MaibornWolff / database-performance-comparison

Apache License 2.0
27 stars 7 forks source link

Analyze/improve query performance for Yugabyte #7

Open swoehrl-mw opened 2 years ago

swoehrl-mw commented 2 years ago

With the newest version of YugabyteDB and some optimizations insert performance for YSQL has increased dramatically to about 295000 inserts/s in our testcase (copy mode, batch size 1000), bringing it up to par with the YCQL interface (which also increased slightly to about 290000).

But the query performance is unexpectedly slow.
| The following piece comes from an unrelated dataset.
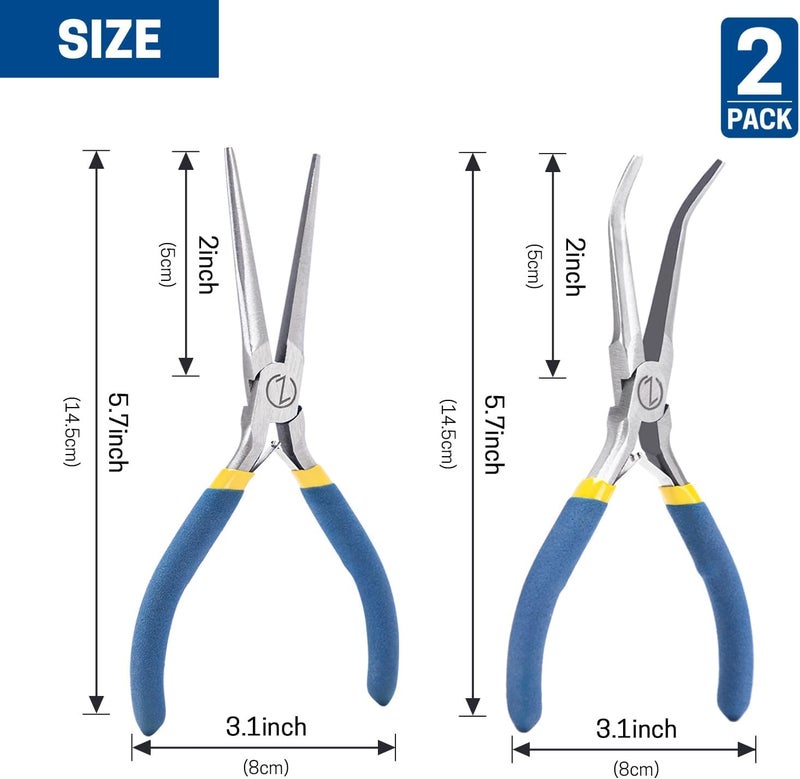 VISEMAN 6" Mini Needle Nose Pliers with Comfort Grip Handles, 2PCS Long Nose Pliers Set for Handmade Craft - Image 3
For the usecase with 500 million rows I get the following query times for our test queries:

One more issue: When creating the index events_device_ts sometimes the following error happens: psycopg2.errors.InternalError_: Aborted: ERROR: Query error: schema version mismatch for table 000033e6000030008000000000004104: expected 1, got 0. The index still seems to get created as running the CREATE INDEX statement again yields NOTICE: relation "events_device_ts" already exists, skipping.

For reference the commands:

@FranckPachot I hope your offer of help is still valid? I would be grateful for some pointers on how to deal with the temp_file_limit and any ideas on how to speed up the other queries. With the latest optimizations insert performance is formidable, so I would love to get query performance to match.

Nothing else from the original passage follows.